Combinatorial Problem From Book

Find all the number of ways such that three elements selected from the set $\{ 1,2,3,....,4n\}$ sum of whose is divisible by $4$.

I cannot find the solution of this equation $x + y + z = 4k$. Solving this equation we can get our answer.

• Are you familiar with compositions (in the combinatorics sense)? – Pavelshu May 3 '14 at 3:03
• give me a eg. of composition den I can tell..@ pavelshu – soumajit das May 3 '14 at 3:05
• en.wikipedia.org/wiki/Composition_(combinatorics) – Pavelshu May 3 '14 at 3:06
• yaa...I know all these...this was the thing i wrote in my post....see...x + y + z = 4k.. @ Pavelshu – soumajit das May 3 '14 at 3:09
• @soumajit das should we not know whether there is replacement or not? – bobbym May 3 '14 at 10:10

We can do the job by considering various cases. There are various ways in which the sum can be divisible by $4$.

Case (i): The $3$ chosen numbers are all congruent modulo $4$ (have the same remainder on division by $4$). Then they must all be congruent to $0$ (have remainder $0$). Since $n$ of our numbers are divisible by $4$, there are $\binom{n}{3}$ possibilities. Note that if $n\lt 3$ then $\binom{n}{3}=0$.
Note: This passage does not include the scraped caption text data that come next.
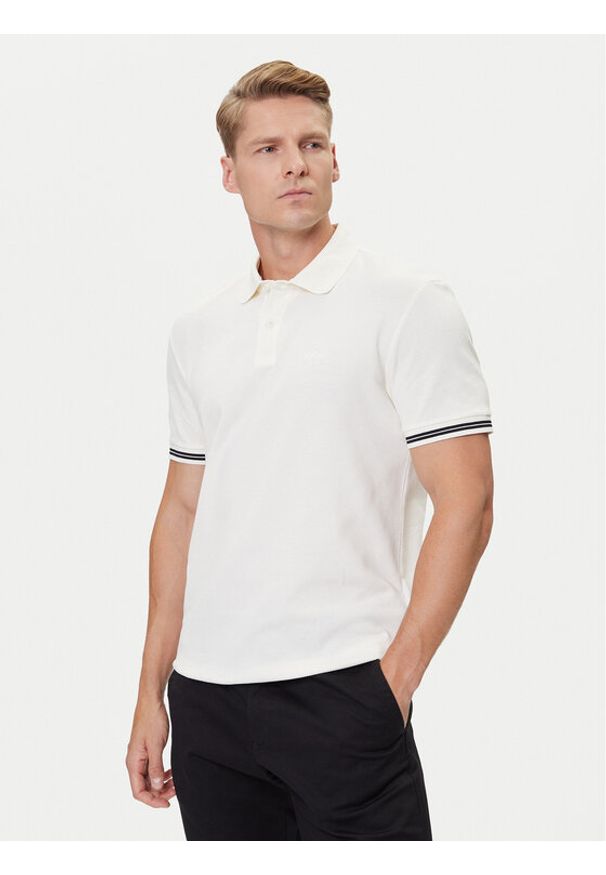 JOOP! Jeans T-Shirt 15 JJJ-17Amare 30046012 Beżowy Modern Fit. Kolor: beżowy. Materiał: bawełna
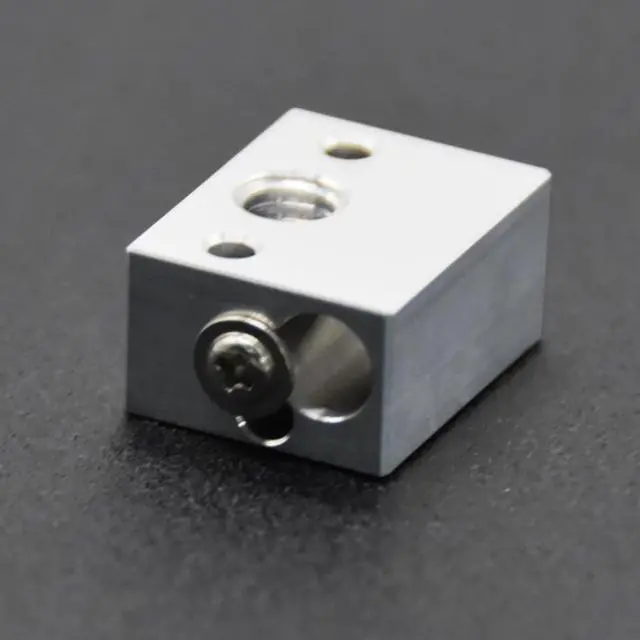 Alt view image 3 of 4 - 3D Printer Heatblock Aluminum Heater Block for Ender 3 S1  Hotend Extruder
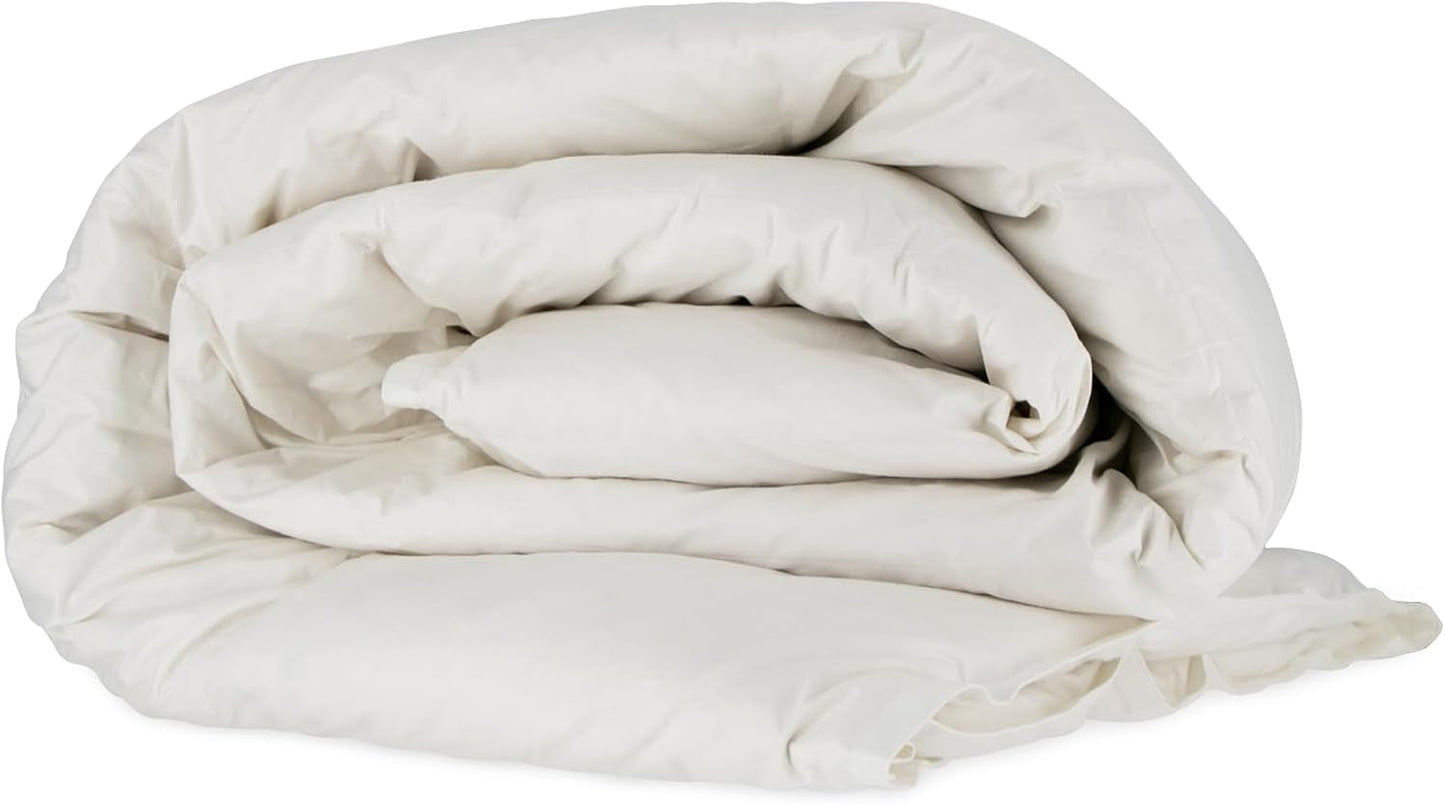 Nottetempo, Gänsedaunendecke, Einzelbett, 205 x 155 x 2 cm, Bianco Bettdecken und Steppdecken Naty Shop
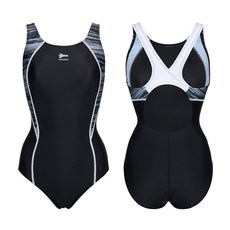 레노마수영복 여성 지오메트릭 X백 원피스 수영복 RN-LS2G808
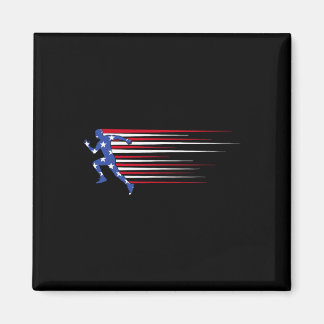Aimant Drapeau de gorille ‘merica Lunettes de soleil drôl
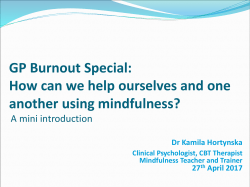 An Introduction to mindfulness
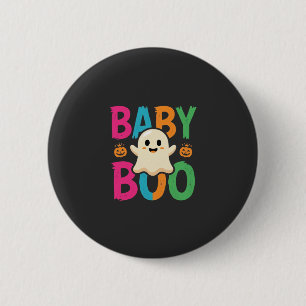 Baby Boo Halloween Ghost Ontwerp_1 Ronde Button 5,7 Cm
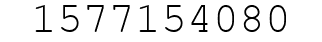 Number 1577154080.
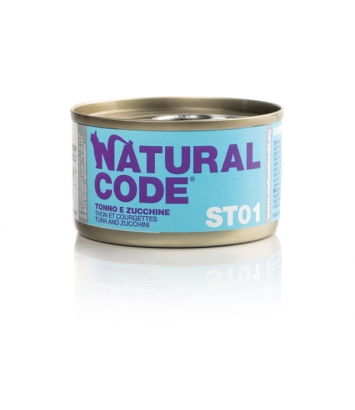Natural Code Cat ST01 Tuna and zucchini 85g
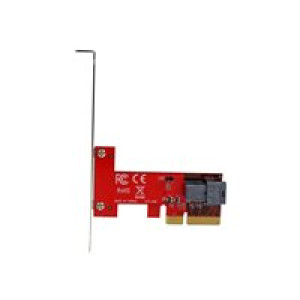 STARTECH.COM x4 PCIe Expansion card to PCIe SFF-8643 for NVMe Based SSD 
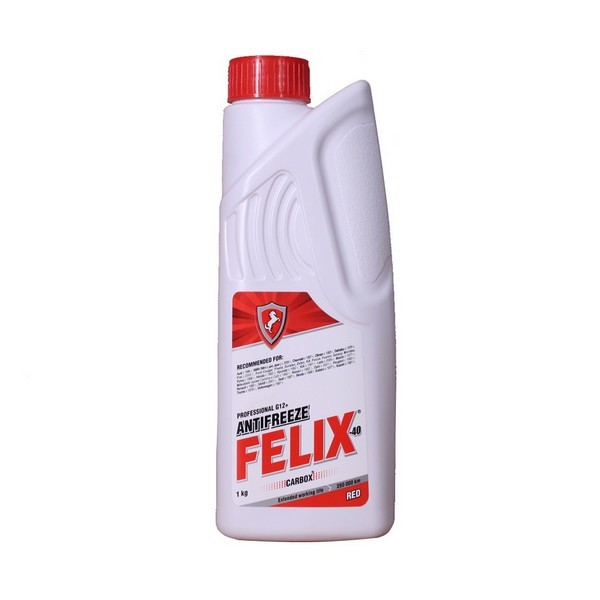 Антифриз FELIX CARBOX-40 G12 (красный) 1кг (430206032)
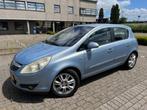 Opel Corsa 1.4 16V 5D AUT 2007 Blauw, Auto's, Zwart, 4 cilinders, Blauw, Particulier
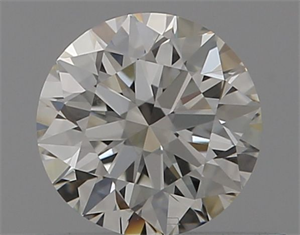 Picture of Natural Diamond 0.43 Carats, Round with Excellent Cut, I Color, VVS1 Clarity and Certified by GIA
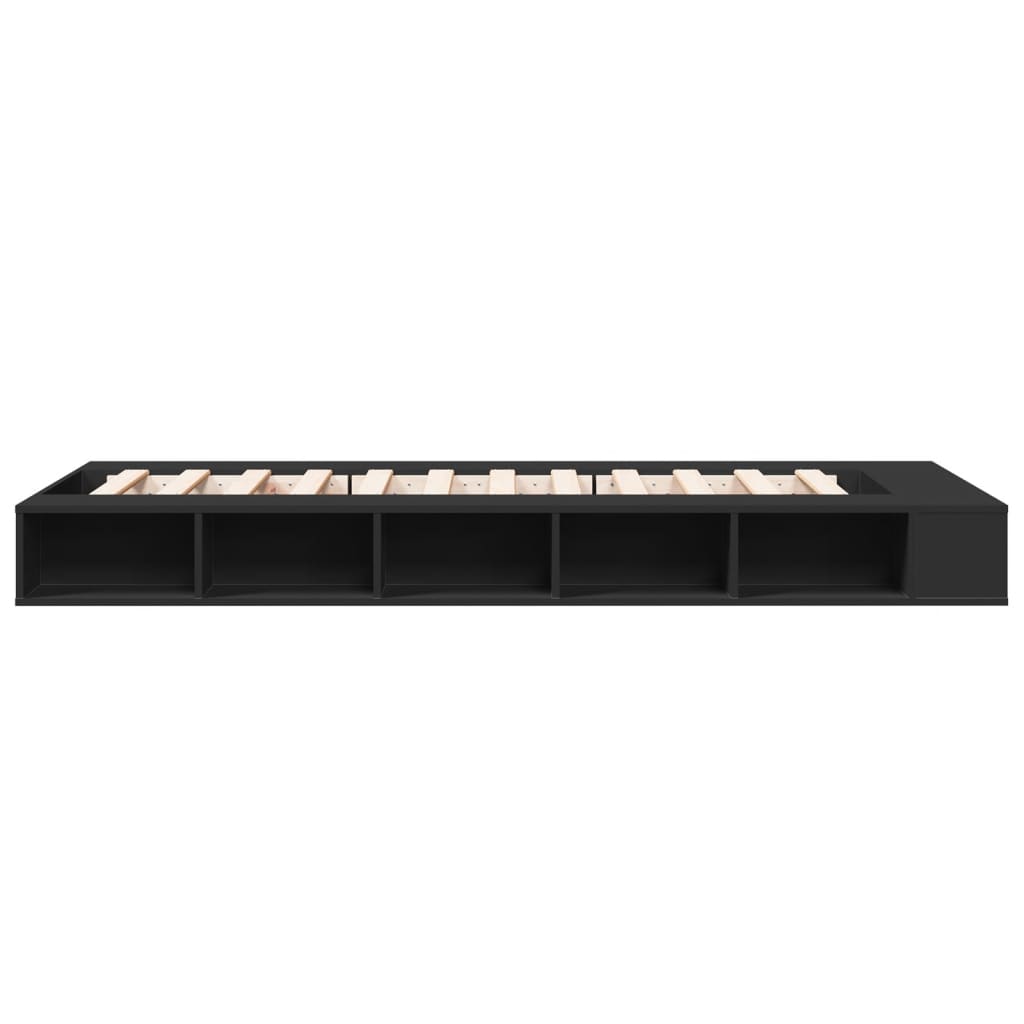 Bed Frame without Mattress Black 90x190 cm Single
Case (ii): We choose $2$ numbers congruent to $1$ modulo $4$, and $1$ congruent to $2$. That gives $\binom{n}{2}\binom{n}{1}$ ways.

Case (iii): We choose $2$ numbers congruent to $3$, and $1$ congruent to $2$. We get the same number of ways as in (ii).
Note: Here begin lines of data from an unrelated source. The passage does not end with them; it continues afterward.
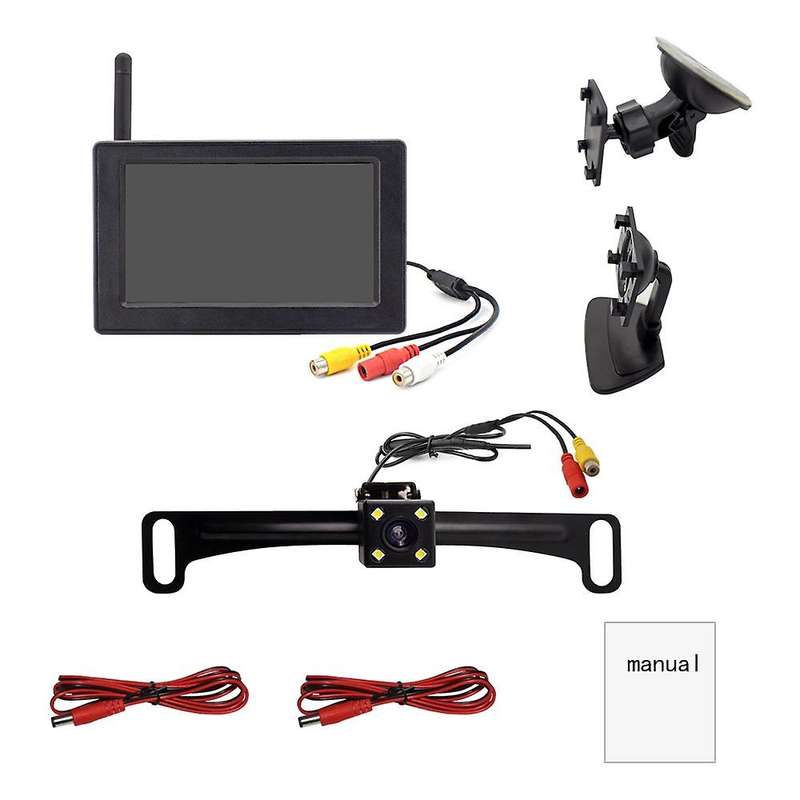 4.3 Inch Car Wifi Monitor Display TFT LCD Screen with License Plate Camera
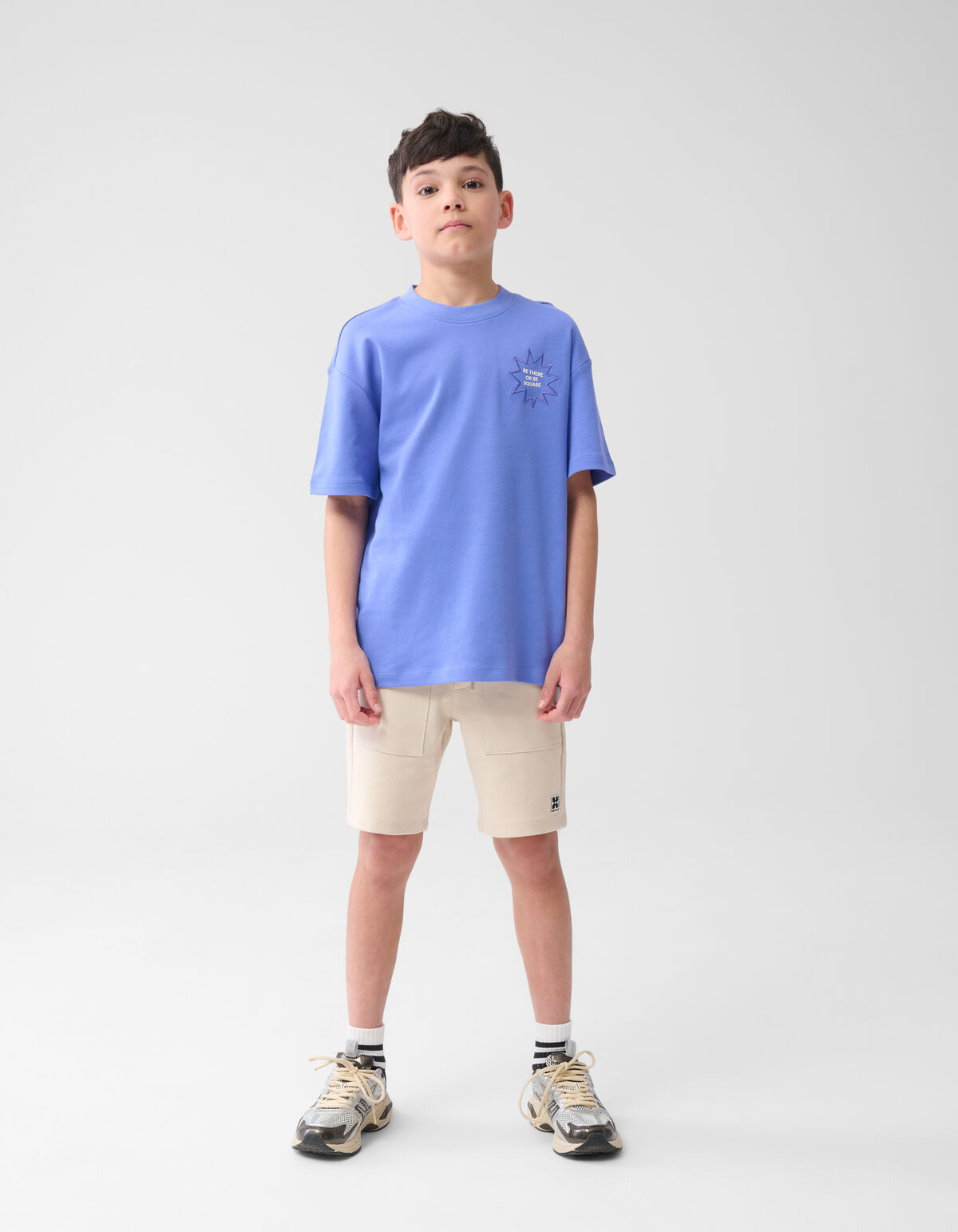 Artwork T-shirt Hellviolett SHOEBY BOYS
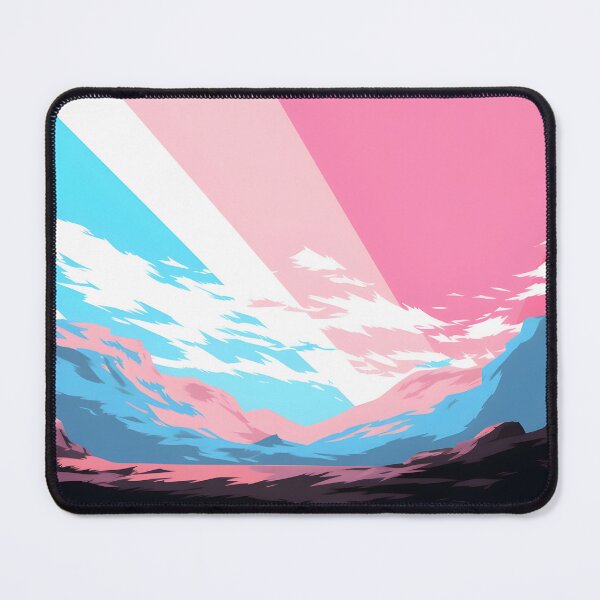 Item preview, Valley Nature Landscape Mountains Transgender Pride TCG OCG Trans LGBT Playmat Size 14"x24" 60x35CM Mousepad Game Mat Mouse Pad Gamemat designed and sold by coolplaymats.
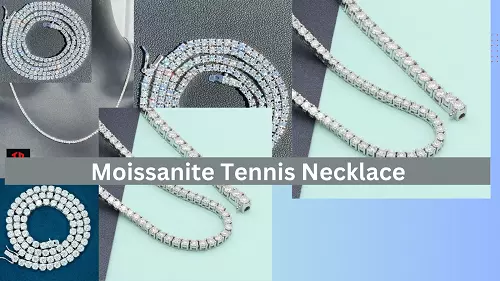 Effortless Glam: Redefining Style with a Moissanite Tennis Necklace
Case (iv): We choose $2$ numbers congruent to $2$, and $1$ congruent to $0$. Again, we get the same number as in (ii).

Case (v): all the chosen numbers are incongruent modulo $4$. Then $1$ number is congruent to $1$, another to $3$, and another to $4$. That gives $\binom{n}{1}\binom{n}{1}\binom{n}{1}$ possibilities.